Instant Pot Bread

This Instant Pot rustic bread is one of those recipes that will win you over with its simplicity. Just four pantry staples transform into a gorgeous loaf with a crackly crust and a soft, chewy center. I started using my Instant Pot to proof dough on a busy weekday afternoon—and I haven’t looked back since. It gives the dough the gentle, steady warmth it needs without waiting forever.

Instant Pot Bread

If you love baking but don’t have hours to spare for multiple rises, you’ll appreciate this trick as much as I do.

Why I Started Proofing Bread in My Instant Pot

I’ll be honest: I didn’t even think about using my Instant Pot for bread until a friend casually mentioned it over coffee. My first reaction was skepticism—I’d always done my no-knead dough the traditional way with a long, overnight rise.

But the promise of fresh bread on the table in a fraction of the time was too tempting to ignore. The first time I proofed dough in the Instant Pot, I was stunned at how evenly and quickly it rose. It had those beautiful bubbles on top and the same chewy interior I loved from my slow-rise recipe.

My family devoured that first loaf with butter, and it’s been a regular in our house ever since.

Ingredients You’ll Need

Let’s talk about what you actually need here: just four basic ingredients (plus one optional for brushing on top).

  • Flour – I use all-purpose flour for this, and it works beautifully.
  • Yeast – Rapid Rise Yeast is my go-to for this recipe.
  • Salt – For flavor, don’t skip it.
  • Water – Warm, around 105–110°F.

Optional: Olive oil for brushing the top before baking.

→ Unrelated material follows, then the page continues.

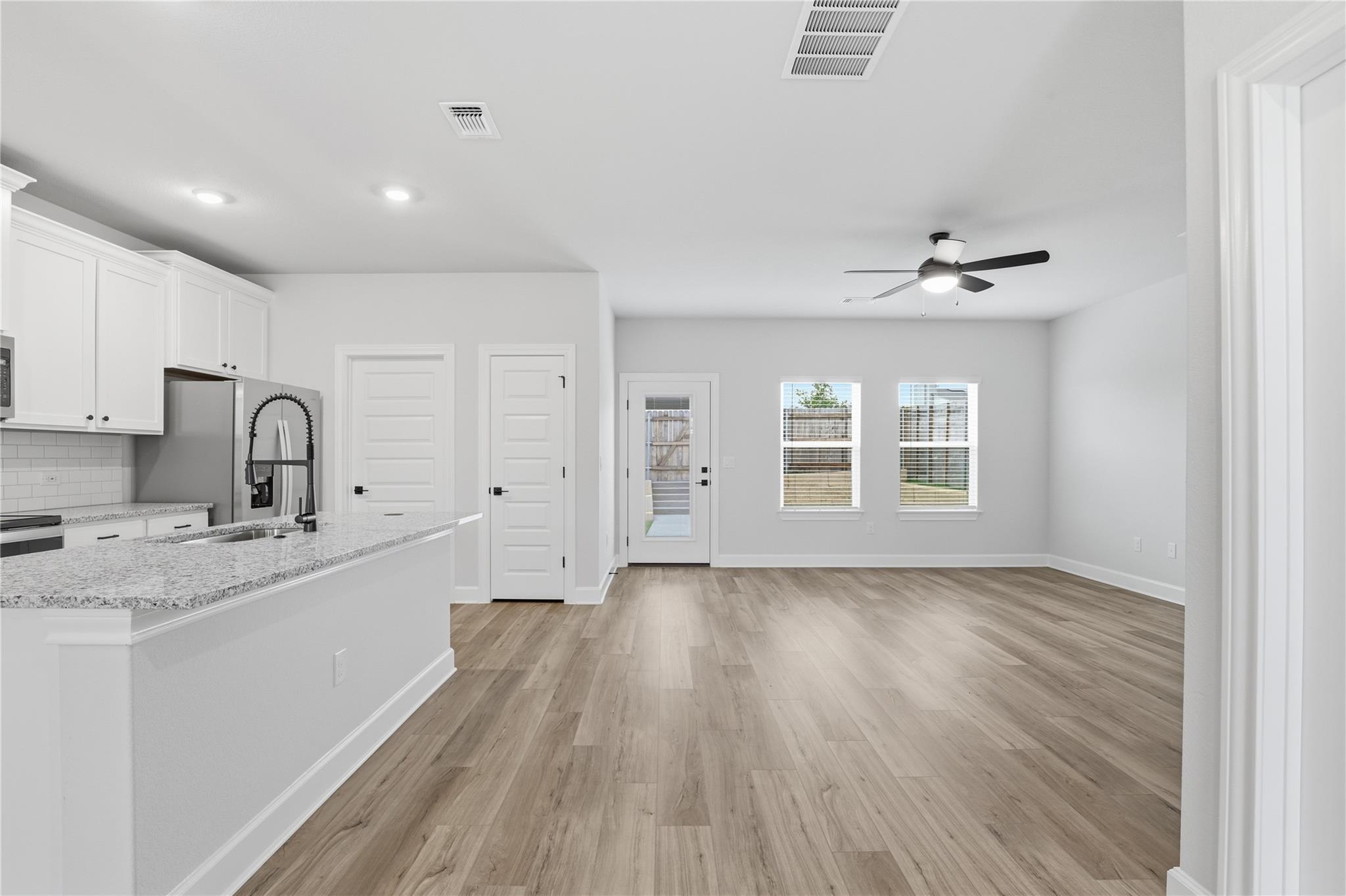 9320 Gladsome Path, Manor, TX 78653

I like to finish with a sprinkle of coarse salt for extra crunch.

Yeast Tips for This Bread

If you’re like me and always have multiple little packets of yeast in your fridge, you might wonder which one to grab.

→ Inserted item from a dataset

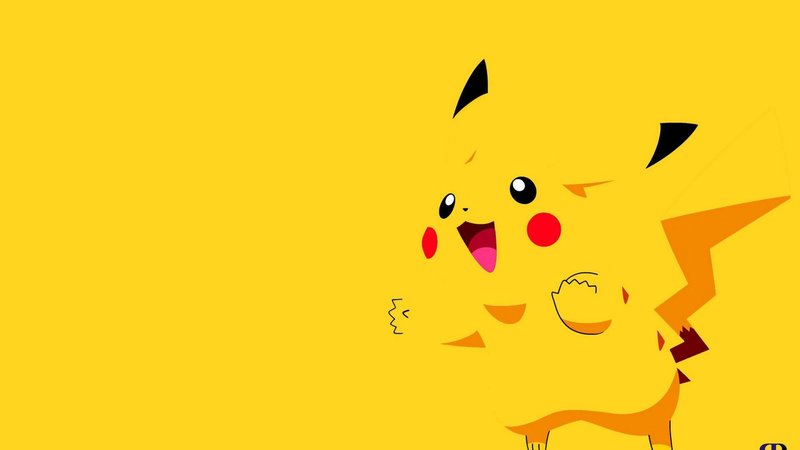 Cute Desktop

I usually reach for Rapid Rise (instant) yeast here because you can mix it right into the flour. It’s quick and fuss-free.

But if you only have Active Dry Yeast, no worries. I’ve done it plenty of times. Just dissolve it in about 1/4 cup of your warm water first and let it sit for around 10 minutes until it’s nice and bubbly. Then add it to your dry mix with the rest of the water. It works just as well—just takes a tiny bit more patience.

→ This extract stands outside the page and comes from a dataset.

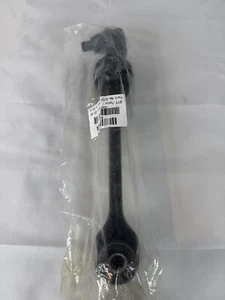 New PartsMaster Replacement Right Control Arm With Ball Joint K7213 - Picture 1 of 6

My Steps for Foolproof Instant Pot Bread

Here’s exactly how I make it on a busy afternoon.

  1. Mix Your Ingredients
    Add the flour, yeast, and salt to a large bowl. Pour the warm water over it all and stir. The dough will look shaggy and a bit dry—that’s normal. There’s no kneading here, which is part of the appeal.
  2. Get Your Instant Pot Ready
    Spray the inside with oil or cooking spray. This prevents sticking and makes cleanup easier.
  3. Proof in the Instant Pot
    Place your dough in the liner. Secure the lid (but keep the valve set to venting). Use the Yogurt setting for 4 hours. This setting keeps a steady, gentle warmth that helps the yeast thrive. By the end, your dough should have doubled in size and have those lovely bubbles on top. I love checking on it—it feels like magic every time.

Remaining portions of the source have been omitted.